Impact macroéconomique pour la sous-région
Les simulations de la direction des Études montrent qu’un décaissement supplémentaire de 500 millions d’euros pourrait ajouter 0,4 point de croissance annuelle au PIB cumulé de la CEMAC sur 2024-2026. Les secteurs transport, énergie et agro-industrie concentreraient 70 % des retombées.

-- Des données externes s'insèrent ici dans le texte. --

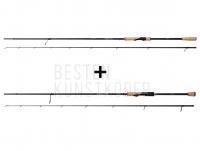 1+1 Free | Shimano Yasei LTD Zander Finesse Jigging Spinning 2.70m 10-35g (+ Yasei BB Street 2.10m 3-12g)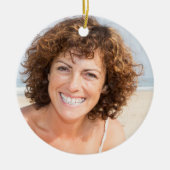 Stepmama Stepmum Stepmoeder Definition Foto Keramisch Ornament (Voorkant)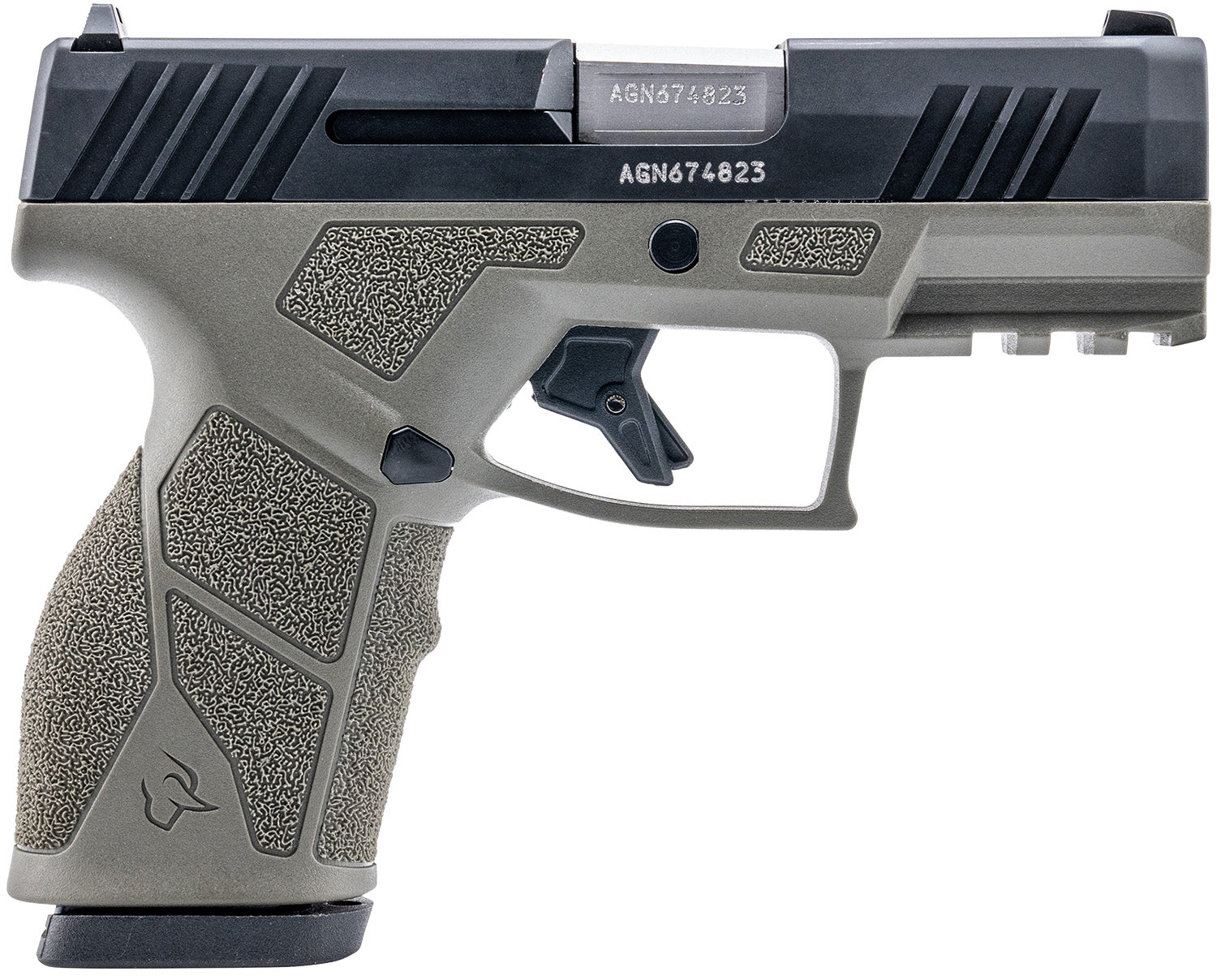 TAU 1-GX2931O-10     GX2 9MM 3.38   2X10R OG/BK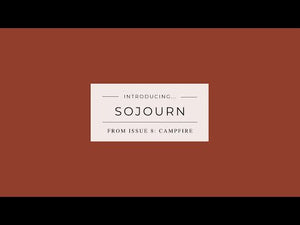 Sojourn - Scarf
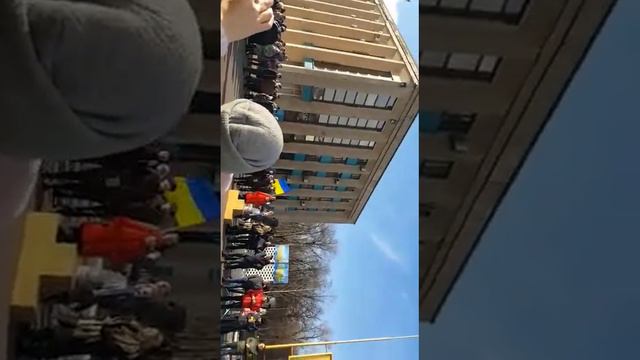 Христианство города КАМЕНСКОЕ объединились в общей молитве к БОГУ за Мир в родной Украине!!! смотреть онлайн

Les PME devraient bénéficier de programmes de garantie couvrant jusqu’à 60 % des prêts bancaires. Cette approche complète les récentes réformes du climat des affaires défendues par les gouvernements, dont celui du Congo.
Le point juridique/éco
La révision de la Charte d’audit ancre la BDEAC dans un cadre conforme aux normes IFRS et ISO 37001 sur l’anti-corruption. Pour les États, le mouvement réduit le coût d’emprunt de près de 30 points de base sur les guichets concessionnels, un avantage non négligeable au regard des tensions budgétaires.

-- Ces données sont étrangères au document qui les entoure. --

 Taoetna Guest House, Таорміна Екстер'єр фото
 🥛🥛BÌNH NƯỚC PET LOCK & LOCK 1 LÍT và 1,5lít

Scénarios à l’horizon 2025
Scénario de base : la Banque mobilise la totalité des engagements promis, portant son portefeuille actif à 2,5 milliards d’euros. Les projets routiers et énergétiques avancent dans les délais, tirés par la stabilité macroéconomique et la hausse des matières premières.
Scénario optimiste : un syndicat bancaire asiatique rejoint le tour de table et double presque la capacité de prêt. Les États réalisent leurs contreparties et la BDEAC émet son premier green bond régional, attirant la diaspora.
Scénario prudentiel : des retards administratifs freinent les décaissements et l’inflation importée réduit les marges des entreprises. La charte d’audit limite néanmoins les risques de dérapage, préservant la note de crédit.
Et après ? Les chantiers prioritaires
Les administrateurs ont mandaté la direction pour finaliser, d’ici décembre, une plateforme numérique de suivi de projet accessible aux ministères et au public. La transparence devrait rassurer investisseurs et populations.
Un accent particulier sera mis sur l’intégration du secteur privé. Des facilities dédiées aux start-ups congolaises du numérique sont envisagées, en phase avec la stratégie nationale de transformation digitale soutenue par le président Denis Sassou Nguesso.
Enfin, la Banque prépare un indice trimestriel de développement sous-régional qui mesurera l’impact direct de chaque financement sur l’emploi et le climat. Un outil appelé à guider politiques publiques et business plans.